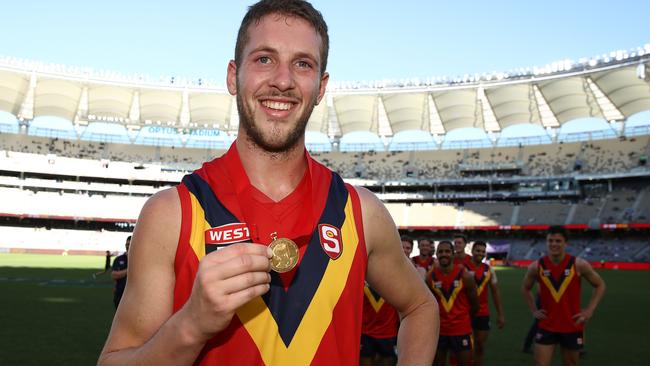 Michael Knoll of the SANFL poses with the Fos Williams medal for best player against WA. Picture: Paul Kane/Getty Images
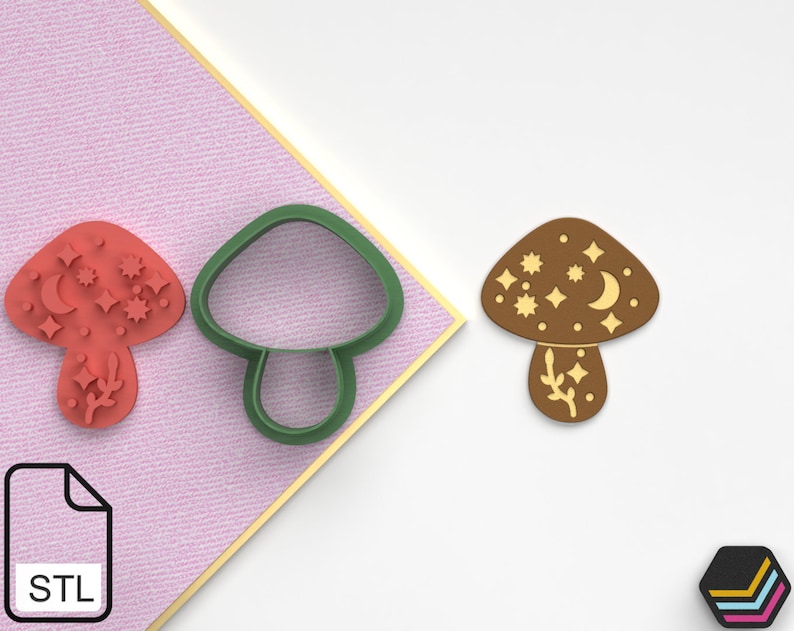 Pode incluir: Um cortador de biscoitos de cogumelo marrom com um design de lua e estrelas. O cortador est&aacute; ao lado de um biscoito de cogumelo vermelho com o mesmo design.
==
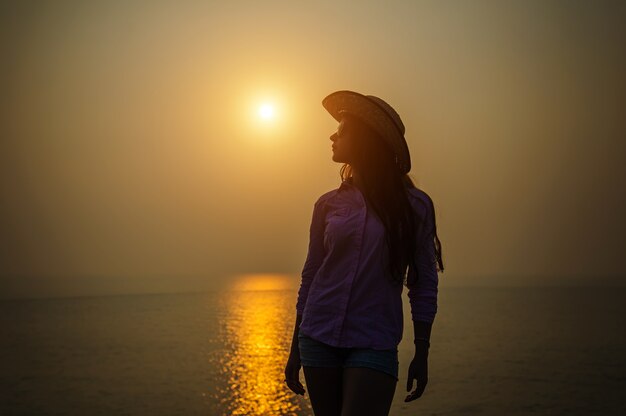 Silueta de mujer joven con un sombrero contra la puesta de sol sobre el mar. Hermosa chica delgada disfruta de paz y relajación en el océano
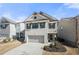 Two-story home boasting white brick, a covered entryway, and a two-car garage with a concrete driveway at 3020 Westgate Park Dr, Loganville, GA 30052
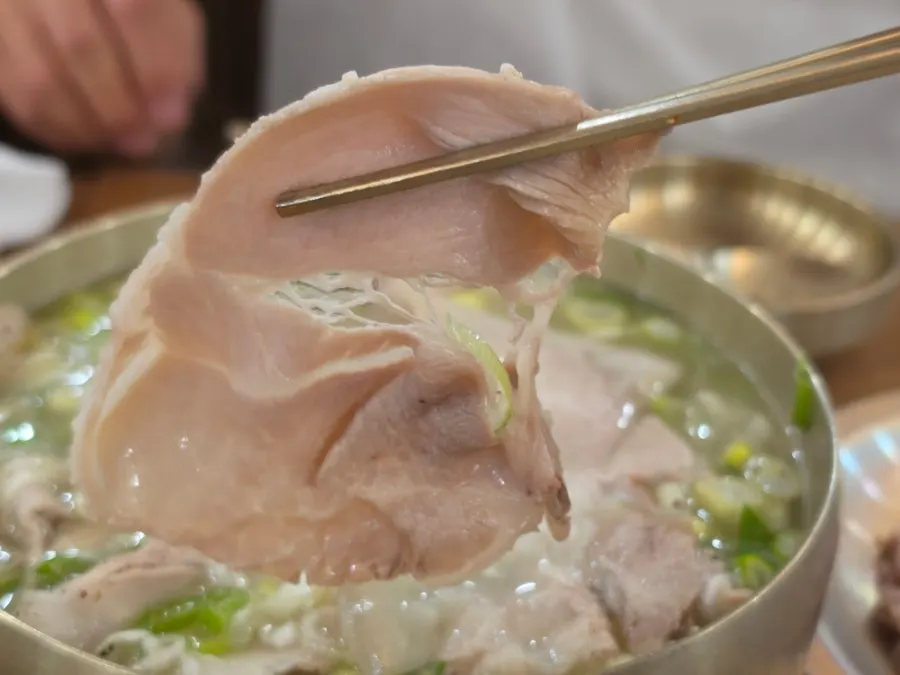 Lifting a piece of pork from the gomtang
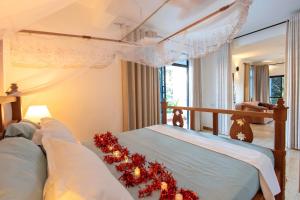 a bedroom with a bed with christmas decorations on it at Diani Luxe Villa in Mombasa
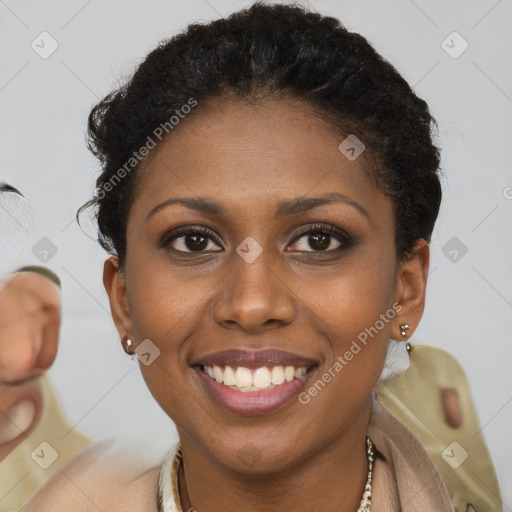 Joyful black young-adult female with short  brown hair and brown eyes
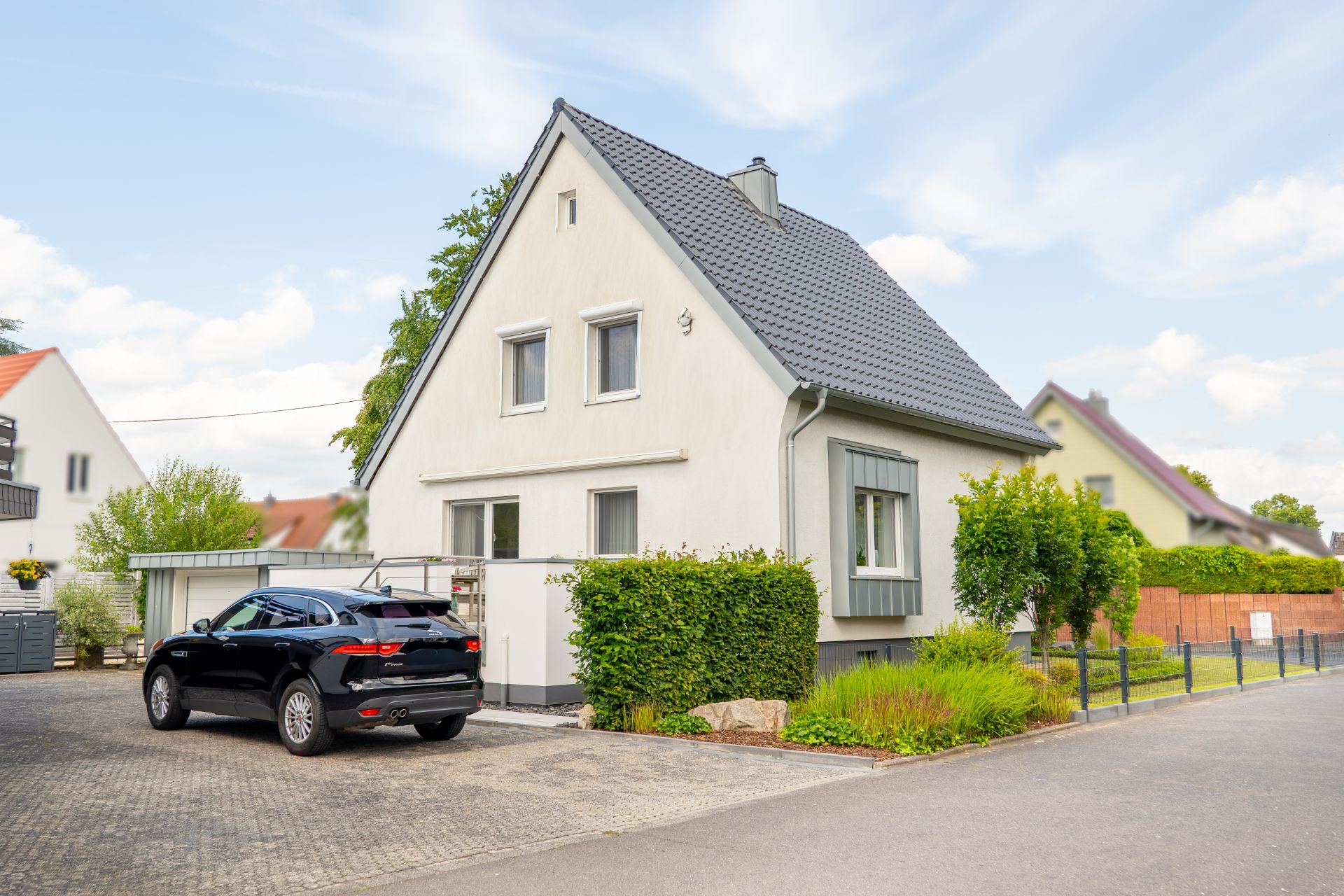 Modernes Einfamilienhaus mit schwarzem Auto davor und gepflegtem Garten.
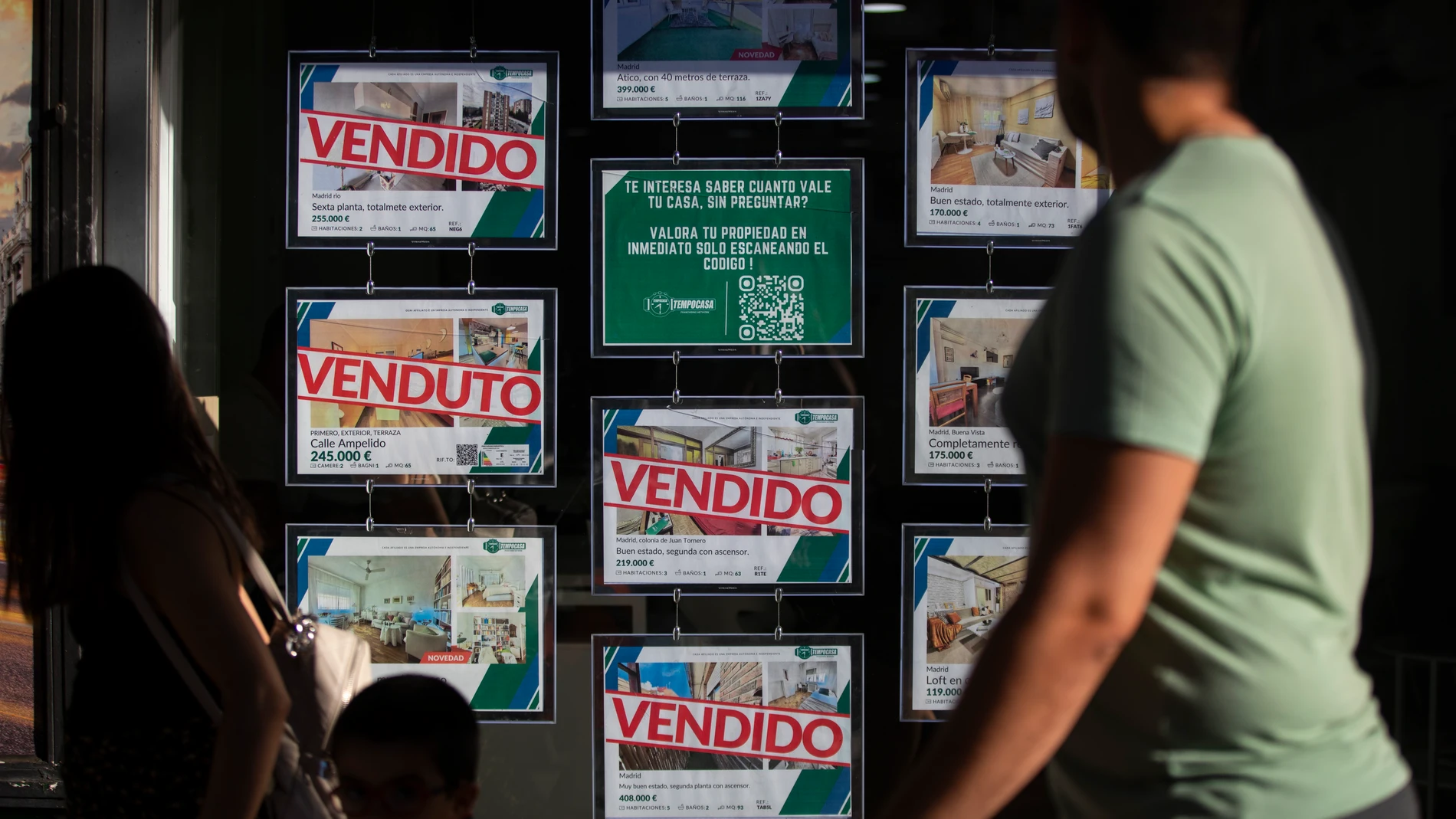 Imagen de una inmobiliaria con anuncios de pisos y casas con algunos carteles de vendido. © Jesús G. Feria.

◆ **Exercise description**
Using the records above, return word for word the lines that begin at the one containing "Michael Knoll of" and end at the one containing "Pode incluir: Um", both of them included and no pictures.

◆ **Solution for this task**
 Michael Knoll of the SANFL poses with the Fos Williams medal for best player against WA. Picture: Paul Kane/Getty Images
 Pode incluir: Um cortador de biscoitos de cogumelo marrom com um design de lua e estrelas. O cortador est&aacute; ao lado de um biscoito de cogumelo vermelho com o mesmo design.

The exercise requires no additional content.